Thursday, October 11, 2007

Six Does Not Go Into Eight.

Not evenly.

"Three deuces"-three two barrel carburetors-works great on some engines:those with, say, six or twelve cylinders. On an eight cylinder engine, it just does not work very well. But never try to tell any of the muscle car boys that. They have no concept of physics, but they know three deuces was the hot setup way back when, and that settles that.

Of course, nowadays it's an otiose argument, because everyone has fuel injection. Even on old cars, most that are not stone stock show cars have some kind of electronic fuel injection. I've seen GM TBI setups cobbled onto International Harvester Scouts and slant six Mopars even. But still, the three deuces myth lives.

It didn't work very well then, except at wide open throttle. Back then that was all they cared about-the stoplight my-dick-is-bigger duel.
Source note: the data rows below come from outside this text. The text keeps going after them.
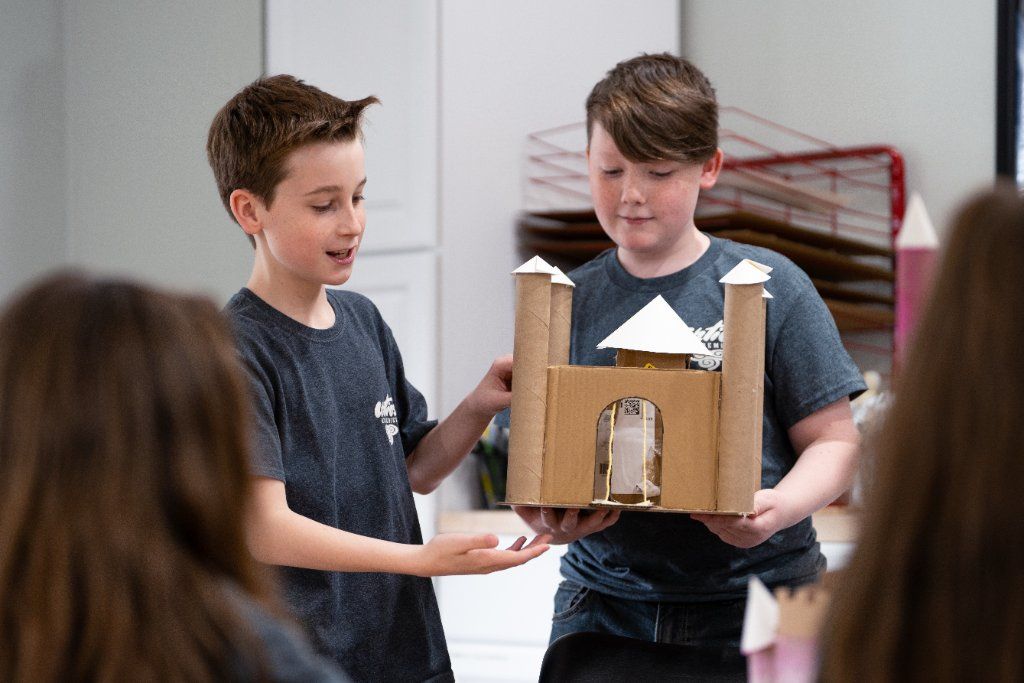 Students presenting project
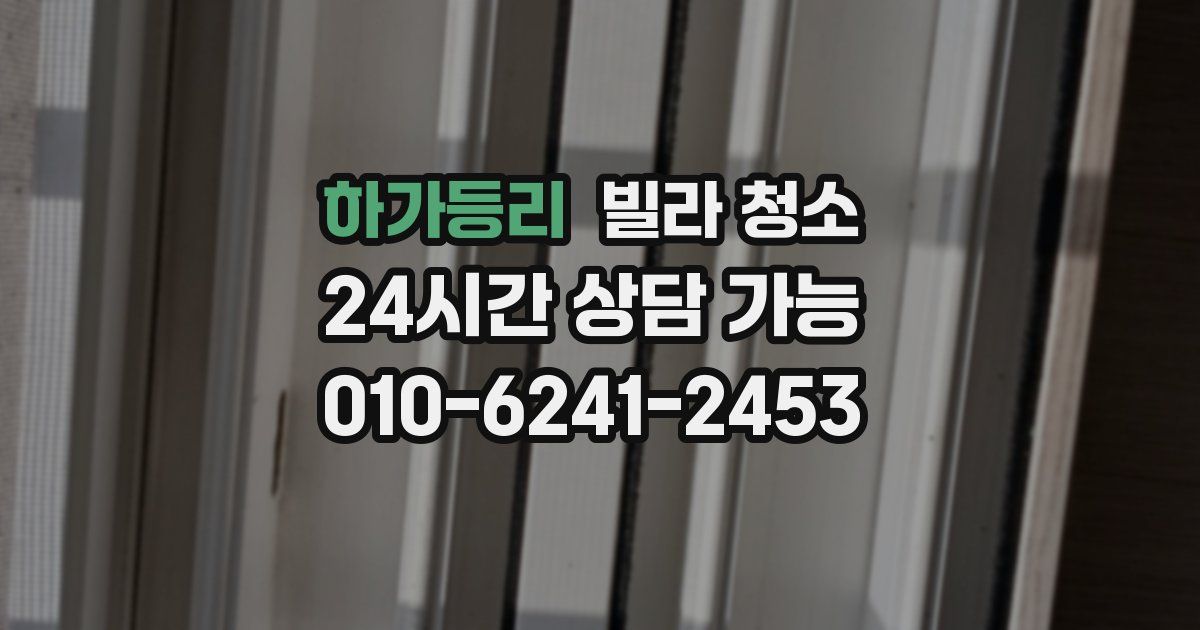 하가등리 빌라 청소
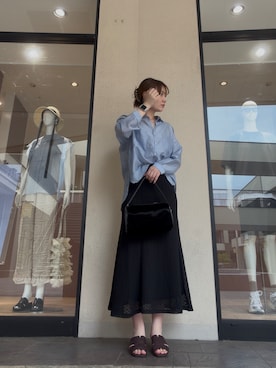 まなかさん(レディース・164cm)の夏コーディネート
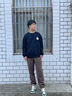 安踏（ANTA）搖粒絨長褲男冬季加絨保暖針織休閑運動褲子寬松束腳衛(wèi)褲 【加絨】栗褐色-2 L (男175) 曬單實拍圖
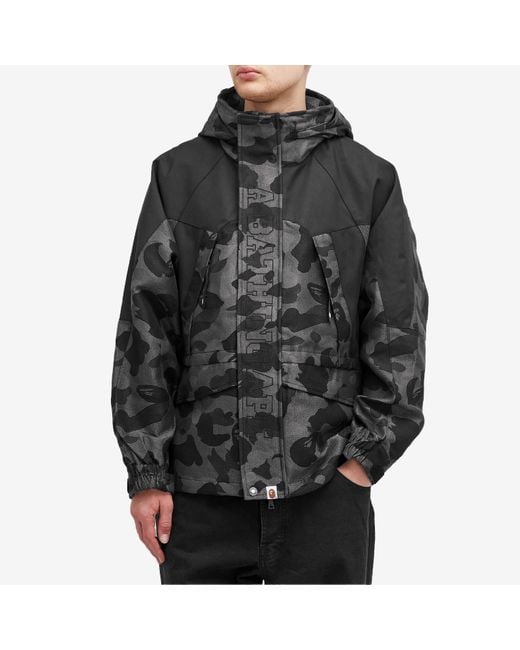 A Bathing Ape Black Snowboard Jacket for men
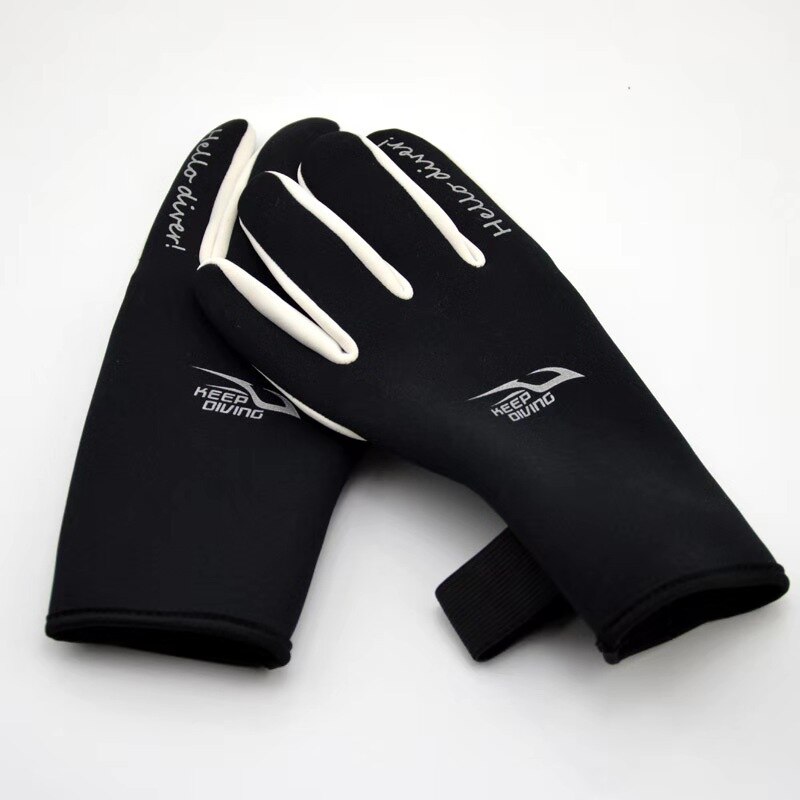 2mm néoprène plongée sous-marine gants pêche plongée en apnée anti-dérapant néoprène et Nylon combinaison humide gants nager surf aquatique chasse sous-marine: A1 / XL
They didn't care about part throttle economy and they didn't care that the throttle response was uneven and that if they weren't running a lot of raw gas out the tailpipe, they would eat valves under sustained high power operation. There was little high power sustained operation unless you lived in Nevada or Montana, or were pulling a trailer up hills, and then all bets were off anyway without closed loop electronic control or a manual method of leaning and EGT probes, like a flight engineer on a DC-7 over the ocean.

But now we do have closed loop electronic control, and a good thing too. I can't imagine running a carburetor anymore, and that's why the carbs on my project are going on eBay before I get my final setup done. I want to make sure I don't punk out and do the easy thing. I'm tired of pissing with carbs.